_SUPPLIED MATERIAL_.
------------------------
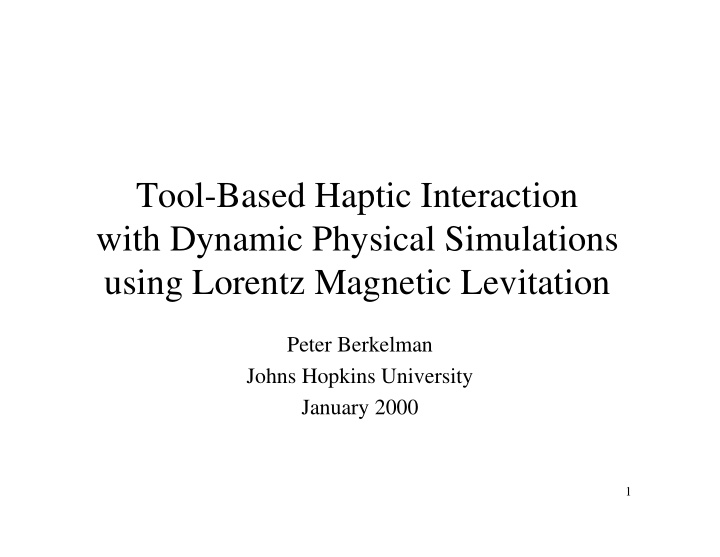 tool based haptic interaction with dynamic physical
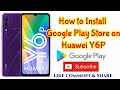 How to Install Google Play Store on Huawei Y6P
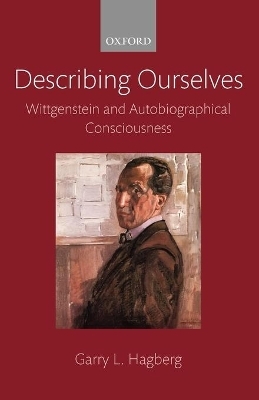 Describing Ourselves - Garry Hagberg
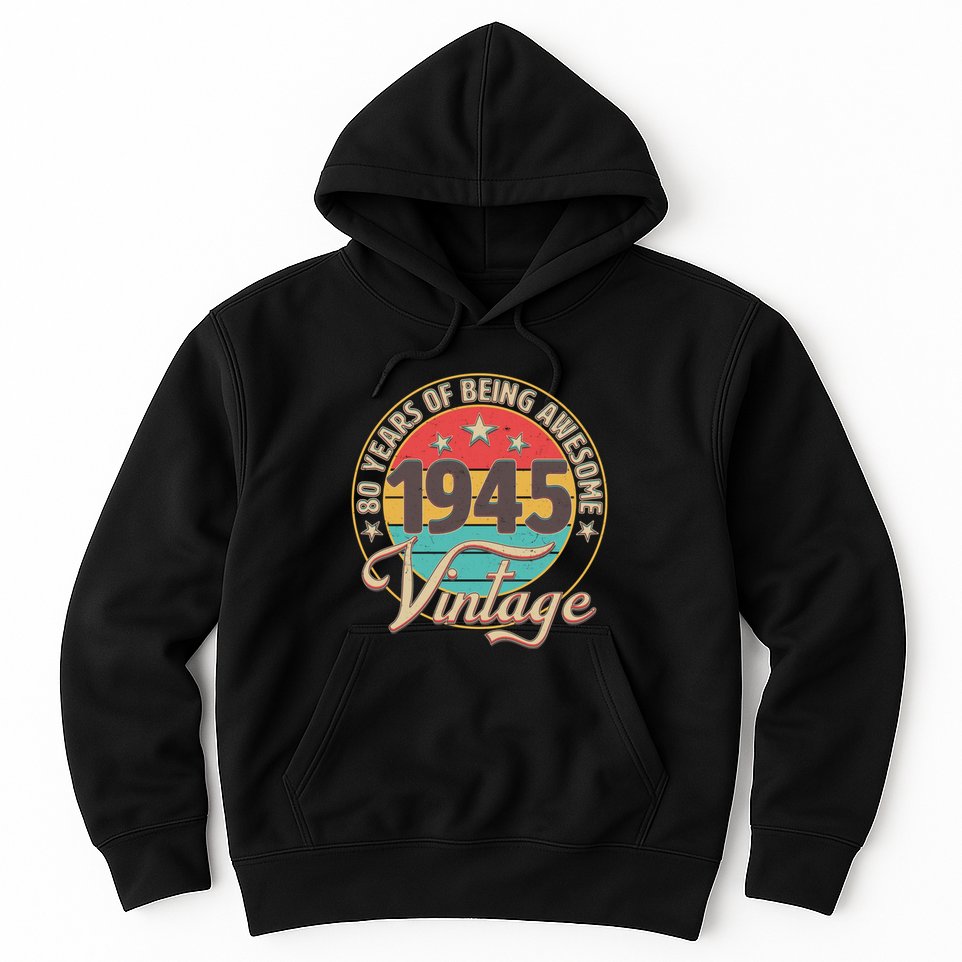 Vintage 1945 80 Years Of Being Awesome Hoodie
------------------------
_EXERCISE AIM_.
Pictures are to be dropped, and the lines from the line with "How to Install" through the end of the material above are to be reproduced exactly.

_RESULT_.
 How to Install Google Play Store on Huawei Y6P
 Describing Ourselves - Garry Hagberg
 Vintage 1945 80 Years Of Being Awesome Hoodie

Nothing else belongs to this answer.